Download or read book Woodrow's Trumpet written by Tim McLaurin and published by W. W. Norton. This book was released on 1989 with total page 264 pages. Available in PDF, EPUB and Kindle. Book excerpt: The farms of sleepy Oak Hills are losing ground to designer houses for yuppies in this heart-warming tale of the New South. When Woodrow Bunce builds a beach in his front yard complete with sand, palms, and plastic flamingos, the ordinance-seeking yuppies are in an uproar.

Southern Writers

Download Southern Writers PDF Online Free

Author :
Publisher : LSU Press
ISBN 13 : 0807131237
Total Pages : 498 pages
Book Rating : 4.8/5 (71 download)

DOWNLOAD NOW!


Book Synopsis Southern Writers by : Joseph M. Flora

Download or read book Southern Writers written by Joseph M. Flora and published by LSU Press. This book was released on 2006-06-21 with total page 498 pages. Available in PDF, EPUB and Kindle. Book excerpt: This new edition of Southern Writers assumes its distinguished predecessor's place as the essential reference on literary artists of the American South. Broadly expanded and thoroughly revised, it boasts 604 entries-nearly double the earlier edition's-written by 264 scholars.
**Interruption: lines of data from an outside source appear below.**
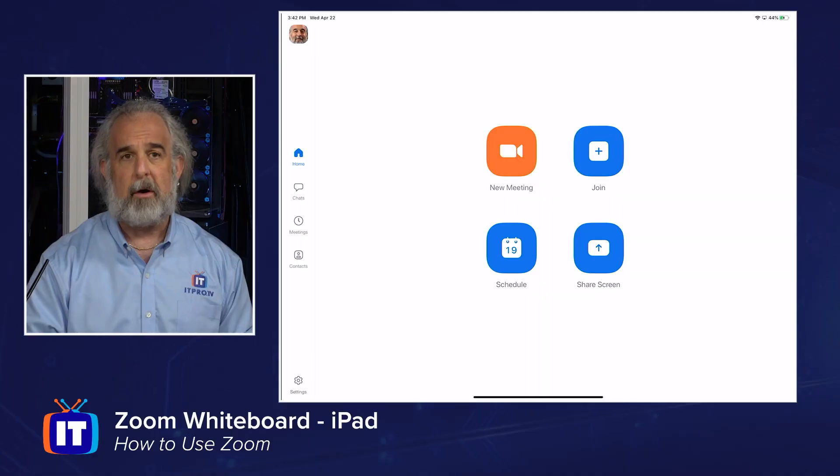Hello everybody, my name is Adam Gordon, an entertainer here at ITProTV, coming at you with another episode on our How to Use Zoom series. In this episode we're gonna take a look at using Zoom on the iPad and specifically how to whiteboard in a meeting while using the iPad. Really cool stuff.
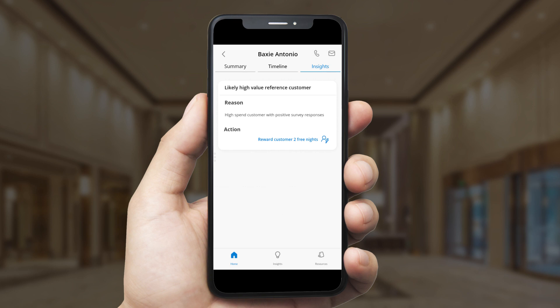Most exciting of all, the app leverages the intelligence of Customer Insights to pull data from disparate sources and recommend AI-driven next-best actions to help Henry target offers that serve Baxi's needs and maximize his value as a customer.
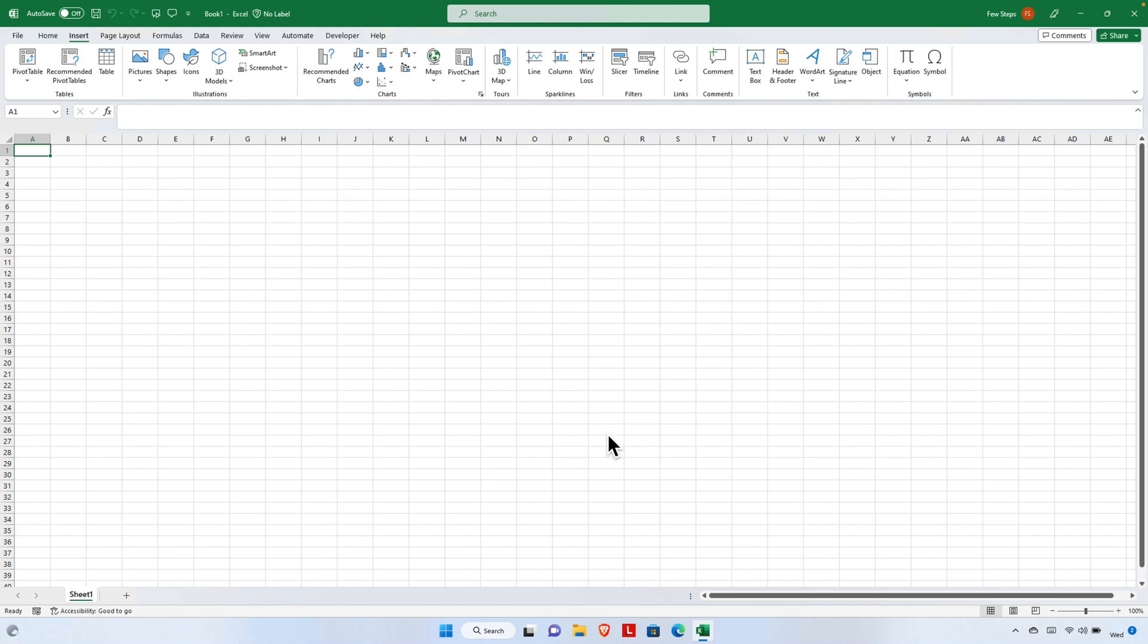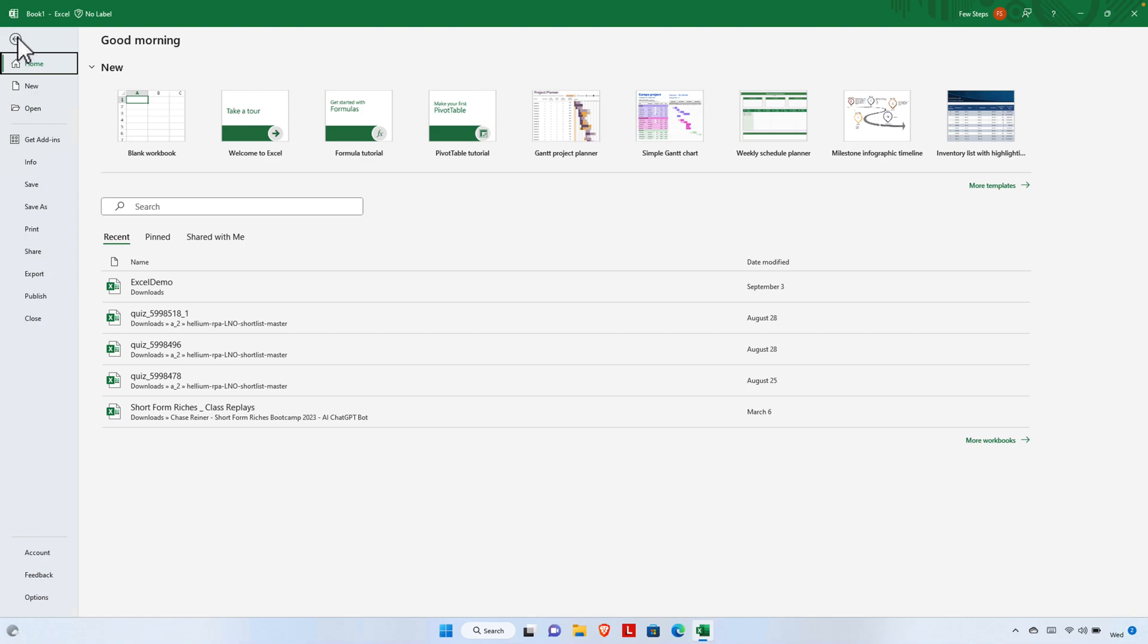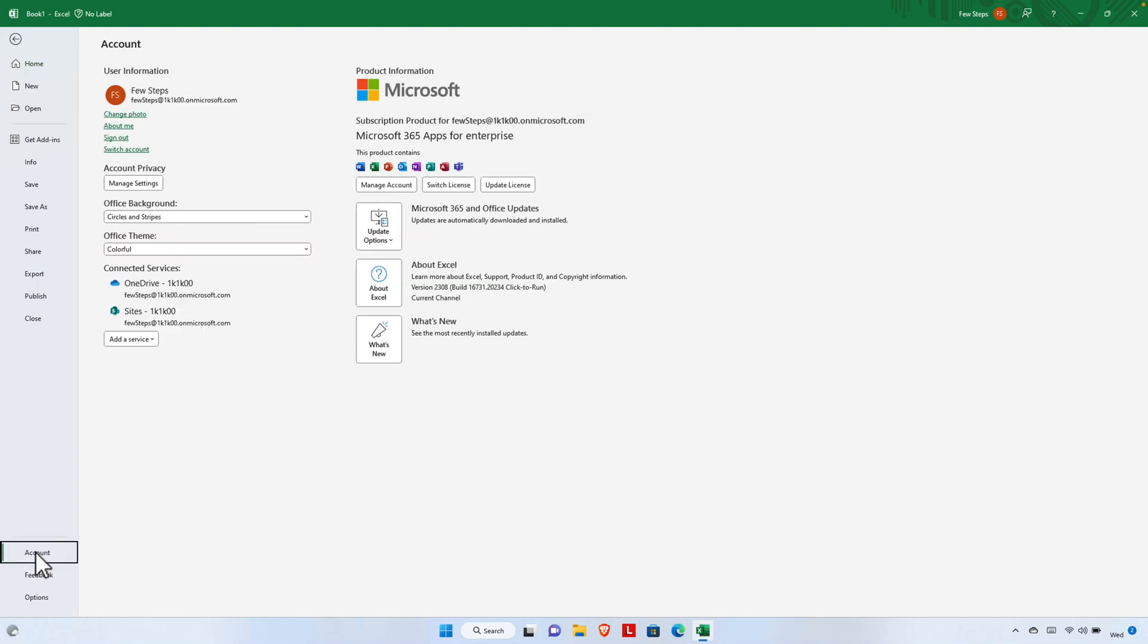Hi, in this video we will see how we can check the Excel version of our computer. First, we need to open Excel, then click on File. It will pop up this type of menu. From here we will find one option called Account. We just need to click here.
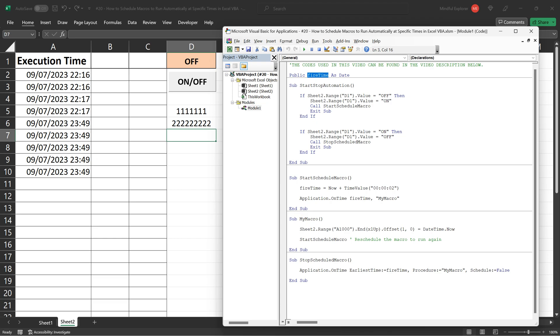That being said, it's always important to carefully plan and test your scheduled tasks as incorrect or poorly timed operations could lead to unexpected results or performance issues. As with all aspects of VBA, it's crucial to understand the tools at your disposal and how best to use them in different contexts.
For every figure major and minor, from the venerable and canonical to the fresh and innovative, a biographical sketch and chronological list of published works provide comprehensive, concise, up-to-date information. Here in one convenient source are the South's novelists and short story writers, poets and dramatists, memoirists and essayists, journalists, scholars, and biographers from the colonial period to the twenty-first century. What constitutes a "southern writer" is always a matter for debate. Editors Joseph M. Flora and Amber Vogel have used a generous definition that turns on having a significant connection to the region, in either a personal or literary sense. New to this volume are younger writers who have emerged in the quarter century since the dictionary's original publication, as well as older talents previously unknown or unacknowledged. For almost every writer found in the previous edition, a new biography has been commissioned. Drawn from the very best minds on southern literature and covering the full spectrum of its practitioners, Southern Writers is an indispensable reference book for anyone intrigued by the subject.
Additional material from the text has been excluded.